◆ Your objective
Could you write out the lines below exactly, beginning with the first and finishing with the one that contains "checkered green brochure"?

■ ■ ■

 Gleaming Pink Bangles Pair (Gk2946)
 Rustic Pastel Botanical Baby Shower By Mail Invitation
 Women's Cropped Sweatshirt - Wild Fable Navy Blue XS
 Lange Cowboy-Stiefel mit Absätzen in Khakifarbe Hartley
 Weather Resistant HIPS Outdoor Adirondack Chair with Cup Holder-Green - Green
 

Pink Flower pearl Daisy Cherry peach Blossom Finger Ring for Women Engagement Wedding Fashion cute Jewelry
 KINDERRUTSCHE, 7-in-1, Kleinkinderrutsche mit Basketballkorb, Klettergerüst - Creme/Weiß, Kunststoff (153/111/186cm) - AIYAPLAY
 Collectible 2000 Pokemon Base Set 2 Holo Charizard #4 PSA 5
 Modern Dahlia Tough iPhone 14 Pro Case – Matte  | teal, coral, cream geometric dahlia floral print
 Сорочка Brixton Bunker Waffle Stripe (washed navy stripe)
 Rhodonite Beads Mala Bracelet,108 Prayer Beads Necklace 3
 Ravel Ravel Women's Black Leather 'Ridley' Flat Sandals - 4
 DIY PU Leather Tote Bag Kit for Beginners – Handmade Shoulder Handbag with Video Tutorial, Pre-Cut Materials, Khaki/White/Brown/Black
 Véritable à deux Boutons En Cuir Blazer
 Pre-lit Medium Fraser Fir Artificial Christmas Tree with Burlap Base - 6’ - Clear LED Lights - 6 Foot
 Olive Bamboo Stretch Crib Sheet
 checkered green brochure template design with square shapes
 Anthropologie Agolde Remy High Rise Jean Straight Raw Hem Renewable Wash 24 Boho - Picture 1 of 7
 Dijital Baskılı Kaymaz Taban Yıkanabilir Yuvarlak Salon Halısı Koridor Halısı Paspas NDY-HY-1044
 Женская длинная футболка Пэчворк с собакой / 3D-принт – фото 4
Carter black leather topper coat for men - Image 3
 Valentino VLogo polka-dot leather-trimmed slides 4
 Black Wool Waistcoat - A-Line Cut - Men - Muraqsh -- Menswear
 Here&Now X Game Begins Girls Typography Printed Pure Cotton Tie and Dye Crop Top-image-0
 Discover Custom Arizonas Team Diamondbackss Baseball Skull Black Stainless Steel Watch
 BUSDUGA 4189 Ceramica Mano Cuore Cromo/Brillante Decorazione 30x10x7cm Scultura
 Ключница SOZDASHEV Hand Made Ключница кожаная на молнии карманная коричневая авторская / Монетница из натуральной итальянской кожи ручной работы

■ ■ ■

◆ Exercise output
 Gleaming Pink Bangles Pair (Gk2946)
 Rustic Pastel Botanical Baby Shower By Mail Invitation
 Women's Cropped Sweatshirt - Wild Fable Navy Blue XS
 Lange Cowboy-Stiefel mit Absätzen in Khakifarbe Hartley
 Weather Resistant HIPS Outdoor Adirondack Chair with Cup Holder-Green - Green
 

Pink Flower pearl Daisy Cherry peach Blossom Finger Ring for Women Engagement Wedding Fashion cute Jewelry
 KINDERRUTSCHE, 7-in-1, Kleinkinderrutsche mit Basketballkorb, Klettergerüst - Creme/Weiß, Kunststoff (153/111/186cm) - AIYAPLAY
 Collectible 2000 Pokemon Base Set 2 Holo Charizard #4 PSA 5
 Modern Dahlia Tough iPhone 14 Pro Case – Matte  | teal, coral, cream geometric dahlia floral print
 Сорочка Brixton Bunker Waffle Stripe (washed navy stripe)
 Rhodonite Beads Mala Bracelet,108 Prayer Beads Necklace 3
 Ravel Ravel Women's Black Leather 'Ridley' Flat Sandals - 4
 DIY PU Leather Tote Bag Kit for Beginners – Handmade Shoulder Handbag with Video Tutorial, Pre-Cut Materials, Khaki/White/Brown/Black
 Véritable à deux Boutons En Cuir Blazer
 Pre-lit Medium Fraser Fir Artificial Christmas Tree with Burlap Base - 6’ - Clear LED Lights - 6 Foot
 Olive Bamboo Stretch Crib Sheet
 checkered green brochure template design with square shapes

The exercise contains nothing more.